• _Exercise aim_
Each line below must be printed exactly as it stands.

• _Provided records_
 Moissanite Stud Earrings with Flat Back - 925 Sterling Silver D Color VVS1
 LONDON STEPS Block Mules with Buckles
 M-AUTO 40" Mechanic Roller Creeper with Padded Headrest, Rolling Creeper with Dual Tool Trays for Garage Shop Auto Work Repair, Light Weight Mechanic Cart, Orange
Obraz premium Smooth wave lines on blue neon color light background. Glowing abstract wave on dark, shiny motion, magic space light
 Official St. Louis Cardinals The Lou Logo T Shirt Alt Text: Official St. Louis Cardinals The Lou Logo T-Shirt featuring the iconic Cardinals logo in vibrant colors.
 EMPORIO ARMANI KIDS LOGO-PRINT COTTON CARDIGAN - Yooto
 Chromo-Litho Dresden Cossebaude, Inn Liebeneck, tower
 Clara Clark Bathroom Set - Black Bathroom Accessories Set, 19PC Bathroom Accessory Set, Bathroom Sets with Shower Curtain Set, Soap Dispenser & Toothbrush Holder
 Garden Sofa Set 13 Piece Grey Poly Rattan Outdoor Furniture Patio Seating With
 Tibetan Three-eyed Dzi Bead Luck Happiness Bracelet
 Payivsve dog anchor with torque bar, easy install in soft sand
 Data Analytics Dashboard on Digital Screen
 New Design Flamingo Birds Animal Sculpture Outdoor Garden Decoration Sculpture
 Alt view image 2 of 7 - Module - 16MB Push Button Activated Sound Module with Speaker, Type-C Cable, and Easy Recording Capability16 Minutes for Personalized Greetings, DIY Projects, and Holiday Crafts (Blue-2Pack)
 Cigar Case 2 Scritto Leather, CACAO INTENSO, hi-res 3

• _Written reply_
 Moissanite Stud Earrings with Flat Back - 925 Sterling Silver D Color VVS1
 LONDON STEPS Block Mules with Buckles
 M-AUTO 40" Mechanic Roller Creeper with Padded Headrest, Rolling Creeper with Dual Tool Trays for Garage Shop Auto Work Repair, Light Weight Mechanic Cart, Orange
Obraz premium Smooth wave lines on blue neon color light background. Glowing abstract wave on dark, shiny motion, magic space light
 Official St. Louis Cardinals The Lou Logo T Shirt Alt Text: Official St. Louis Cardinals The Lou Logo T-Shirt featuring the iconic Cardinals logo in vibrant colors.
 EMPORIO ARMANI KIDS LOGO-PRINT COTTON CARDIGAN - Yooto
 Chromo-Litho Dresden Cossebaude, Inn Liebeneck, tower
 Clara Clark Bathroom Set - Black Bathroom Accessories Set, 19PC Bathroom Accessory Set, Bathroom Sets with Shower Curtain Set, Soap Dispenser & Toothbrush Holder
 Garden Sofa Set 13 Piece Grey Poly Rattan Outdoor Furniture Patio Seating With
 Tibetan Three-eyed Dzi Bead Luck Happiness Bracelet
 Payivsve dog anchor with torque bar, easy install in soft sand
 Data Analytics Dashboard on Digital Screen
 New Design Flamingo Birds Animal Sculpture Outdoor Garden Decoration Sculpture
 Alt view image 2 of 7 - Module - 16MB Push Button Activated Sound Module with Speaker, Type-C Cable, and Easy Recording Capability16 Minutes for Personalized Greetings, DIY Projects, and Holiday Crafts (Blue-2Pack)
 Cigar Case 2 Scritto Leather, CACAO INTENSO, hi-res 3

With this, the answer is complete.